Is crisis a catalyst for organisational growth?

Blog
February 2017 by Carrie Birmingham

 

Sometimes an organisation needs a wake up call to enable it to see what is happening and a crisis helps it to see something previously hidden.    Created by the US military to describe our environment, VUCA (Volatility, Uncertainty, Complexity, Ambiguity) is the latest acronym we can baffle our colleagues with.

It is a great summary of why organisations need to employees who are agile, able to learn and brave.  However these behaviours are usually squashed by budget cuts, multiple unfocused meetings, policies, legislation and fear of change.

“As people started to arrive, I could feel the trepidation in the air.

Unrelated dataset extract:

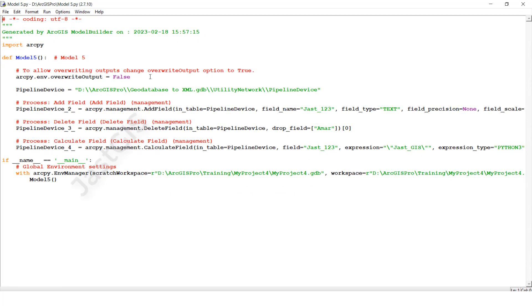Now we'll check the script. See, we have Add Field, Delete Field, and Field Calculator. We've added this field, deleted this field, and used Field Calculator with a given value.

The function had responded to an ‘all staff’ invitation, following some high profile mental health problems in our business. Typical of the industry, we set ambitious targets and expected our employees to regularly entertain clients over business lunches and extravagant evening functions. The unasked question : what impact this was this having on people’s health & wellbeing?”

In her book Liz Hall, argues a crisis can be a catalyst for personal transformation, debunking the commonly held belief that development is a wholly positive experience. However learning has often involved me “mining diamonds from the muck”. I believe the same can be true for organisations.

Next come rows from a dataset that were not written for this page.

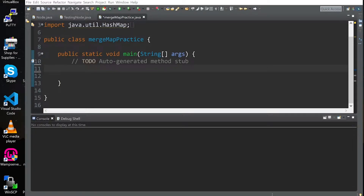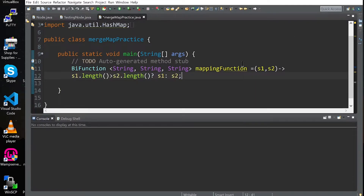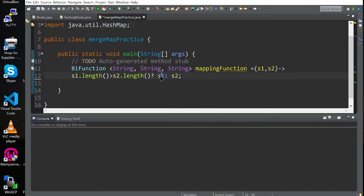Today we're going to learn how to use the merge function. First, we need to define our BiFunction interface — we're going to call it a mapping function. What this mapping function does is it takes two strings and compares the length of both of them: if the first one is greater, it returns the first one; otherwise it returns the second string.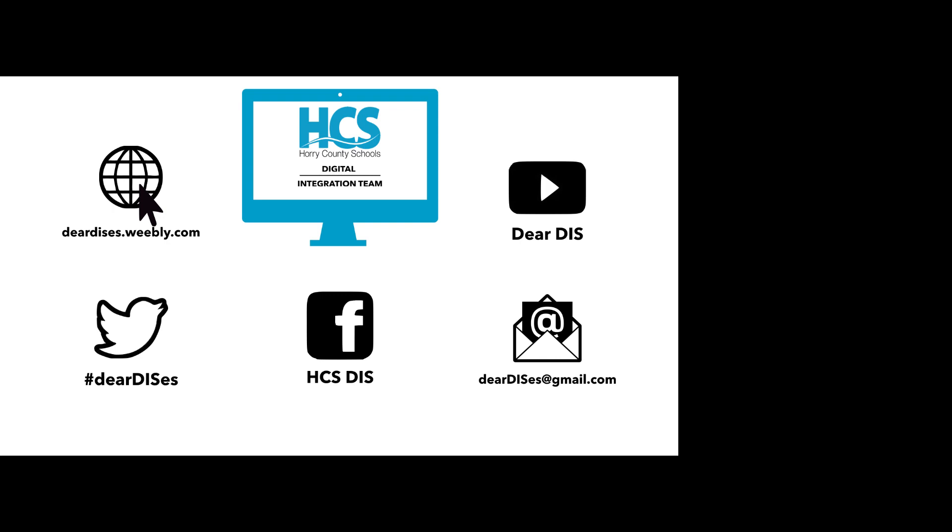I'd like to thank you for watching this tutorial. I hope you enjoyed these four more advanced options in Keynote. Again, I'd like to thank you for watching this. Be sure to subscribe, like, and follow us by clicking on the links below in the description.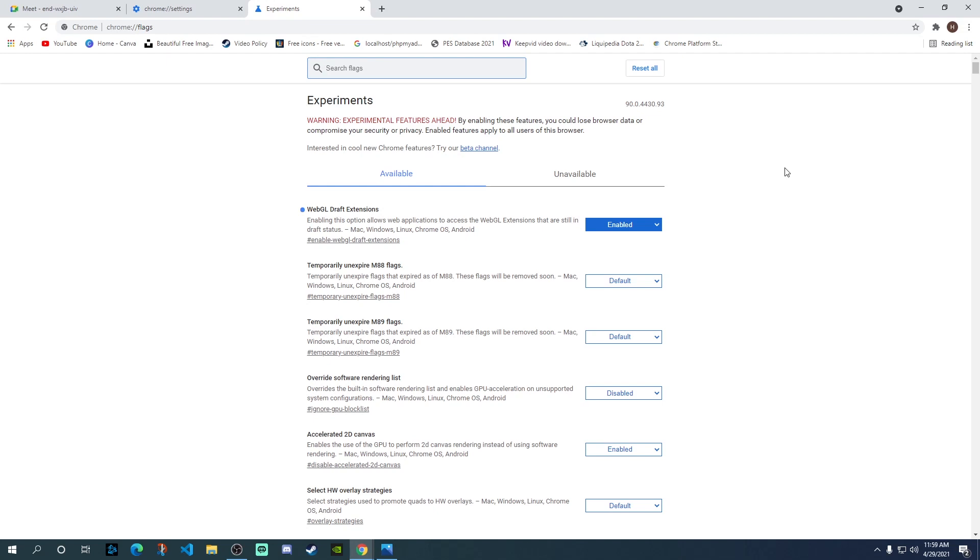If none of these work, then as a last resort, you can try using a different browser and that should fix the problem for you.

Innovation and growth consultant Scott Antony views Kodak as a good example of an organisation failing to adapt to a rapidly changing environment that was disrupting its market. In a recent article, he argues Kodak’s executives simply missed warning signs, neglected opportunities and lacked sufficient courage to tackle fundamental change that threatened its business model.

This problem is common.  Organisations tend to make staff accustomed to working in a particular way. We believe that how things are done (the culture), is “normal” and convince ourselves everywhere is the same.  We lose objectivity because we are part of the system and invested in it which makes us reluctant to make radical changes.  This creates blind-spots, which means we fail to see the warning signs of problems or issues.

We know the human brain filters out (and ignores) things that don’t fit, to enable it to cope with the volume of information it receives.  The same is true for organisations: warning signs are often filtered out.

Like a tornado, a crisis gathers speed and scale.  A crisis brings to the surface, what has been ignored.  It also creates the opportunity and sense of urgency for changes that previously felt too radical.

When a crisis hits, the first instinct for leaders is survival; understandably there is a focus on short term damage control.  But what if organisations in the grip of crisis also considered the longer term? What if they thought about how they might benefit, rather than simply fire-fighting in the ‘here and now’?   In their book James & Wooten argue this is the difference between crisis management and crisis leadership.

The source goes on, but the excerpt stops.